Posts with tag: UK Property market

Dirty Money Flooding the Property Market, Says Financial Times

Published On: September 17, 2015 at 11:03 am

Author:

Categories: Finance News

Tags: ,,,

The Financial Times has reported that dirty money is flooding the property market in the UK.

Dirty Money Flooding the Property Market, Says Financial Times

Dirty Money Flooding the Property Market, Says Financial Times

The claims arrive more than two months after Channel 4 aired a programme, From Russia With Cash, allegedly showing estate agents trying to help an evidently dodgy Russian buyer with his London property purchases.

The National Association of Estate Agents (NAEA) and Royal Institution of Chartered Surveyors (RICS), whose members are apparently featured in the show, are both investigating the case, but neither body has offered an answer or given a timeframe as to when their studies will be complete.

The Financial Times story states that agent Andrew Langton, of Aylesford International, said: “The bush telegraph is efficient in our business.
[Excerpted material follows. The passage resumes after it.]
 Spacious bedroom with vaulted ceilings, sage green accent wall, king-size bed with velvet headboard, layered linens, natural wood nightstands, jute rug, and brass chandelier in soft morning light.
We are being warned by others who are getting their knuckles rapped.”

The report continues, saying that while many agents believe “there is heightened scrutiny of the market, few believe any crackdown – whether real or threatened – will have an impact on property prices in the UK.”1 

Since the Channel 4 show aired, David Cameron has instructed the Land Registry to release a list of properties owned by offshore firms.

However, Private Eye has beaten it, with a searchable map showing properties around Britain that were acquired by offshore companies between 2005 and July 2014.

The magazine used Land Registry data, released under a Freedom of Information request, and then linked over 100,000 Land Registry title entries to specific addresses.

The map shows leasehold and freehold properties and who owns what and where. For example, in Milton Keynes, almost £400m of property is owned by offshore businesses.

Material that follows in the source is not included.